Termination for Convenience Clauses

Commercial Contracts

“Termination for Convenience” clauses allow a contracting party to walk away from their contractual commitment for “convenience”. These provisions are commonly used in subcontracts – typically construction, engineering, road works and procurement agreements, where the weaker party does not have the bargaining power to challenge this unfair provision. This allows the powerful party to terminate the contract, without reason, depriving the weaker party of the benefits of the agreement.

Recent Examples

There have been a number of recent Court cases involving the right to Terminate for Convenience:

  • in the 2007 decision involving Australian Aerospace (AA), AA decided to terminate a Procurement Agreement relying on the termination for convenience power. AA was successfully challenged in the Victorian Supreme Court on the grounds that the exercise of the termination power was not done in good faith but rather for an improper purpose, ousting the minor party from the benefit of the contract so that AA could seize the benefits for itself;
  • in a 2009 decision involving Telstra, the Federal Court considered that there was an argument to be considered about the lack of good faith, and found that Telstra would have to establish that it “reasonably believes” the matters involved;
  • however, in a Coles Supermarket decision in 2011, the New South Wales Supreme Court allowed Coles to summarily terminate a contract relying on the termination provision where Coles was dissatisfied with the poor quality of the services which were being provided to it;
  • in a more recent 2015 decision, the Federal Court examined whether “reasonableness” was a constraint on the exercise of a right to terminate a contract for convenience. The Court noted that where a clause empowers one party to act to the detriment of another party, the requirement of good faith often requires “reasonableness” in the exercise of the power.

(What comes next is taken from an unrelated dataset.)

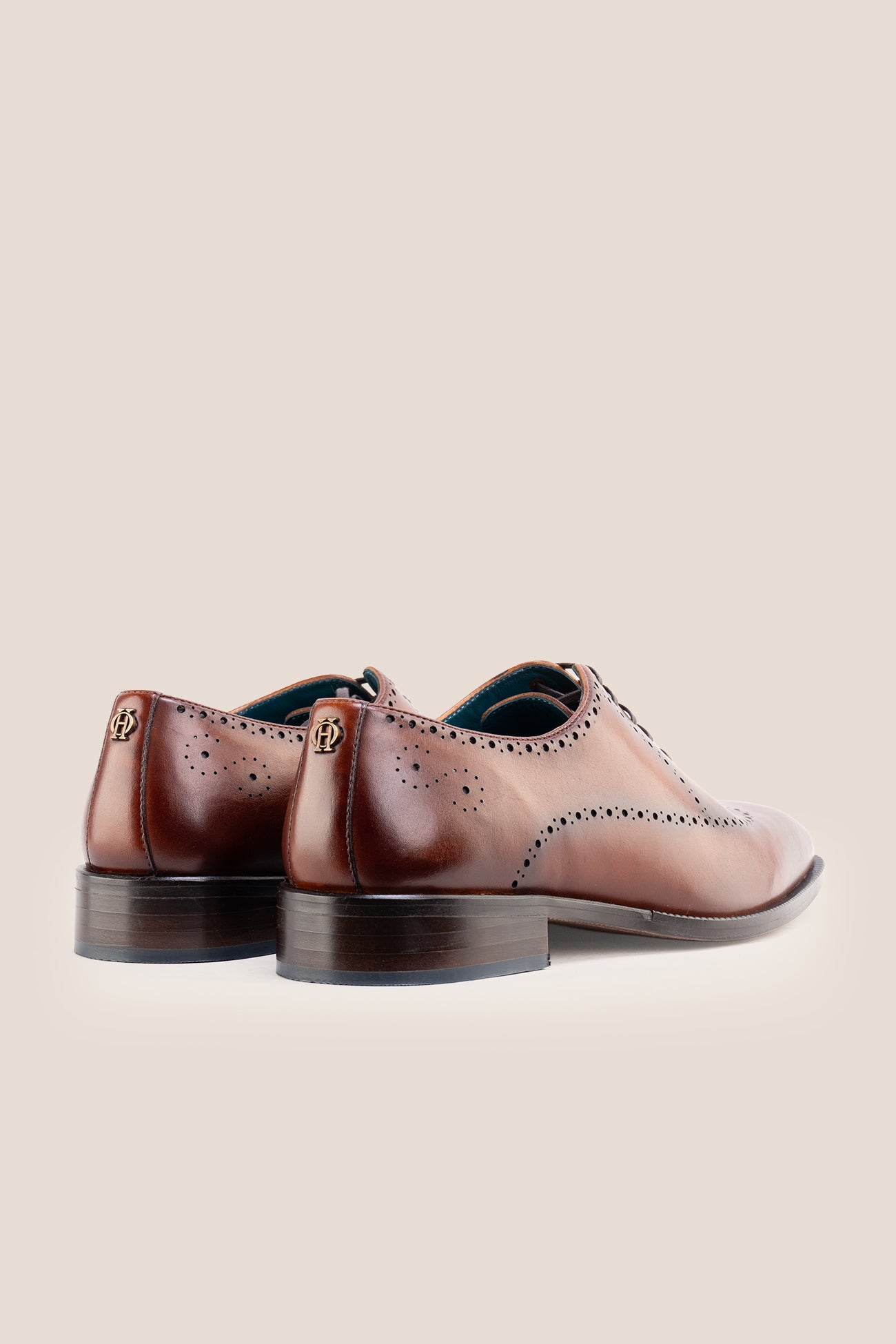 The men's smart tan shoes showcase an elegant wingtip brogue design in rich full-grain leather, perfect for the office, formal occasions, and elevated casual wear.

Good Faith and Reasonableness

Concepts of “good faith” and “reasonableness” clearly intrude in this discussion. The law remains unclear, although there is growing recognition of the need for the more powerful party to exercise a degree of reasonableness and not to exercise the power to terminate for convenience for an improper purpose or an ulterior motive.

In our many comments about “good faith” in commercial contracts, we have said that the growing judicial reliance on good faith undermines the fundamental need for certainty in commercial contracts. Despite that, there is real justification in the case of unfair use of the Termination for Convenience power, to introduce a requirement that the party relying on such a provision should be obliged to act reasonably and in good faith.


Although, due to a lack of bargaining power, you may be forced to accept a Termination for Convenience provision, in many situations, having regard to recent cases, you could be in a position to challenge an unfair termination, or to negotiate for a fairer commercial outcome.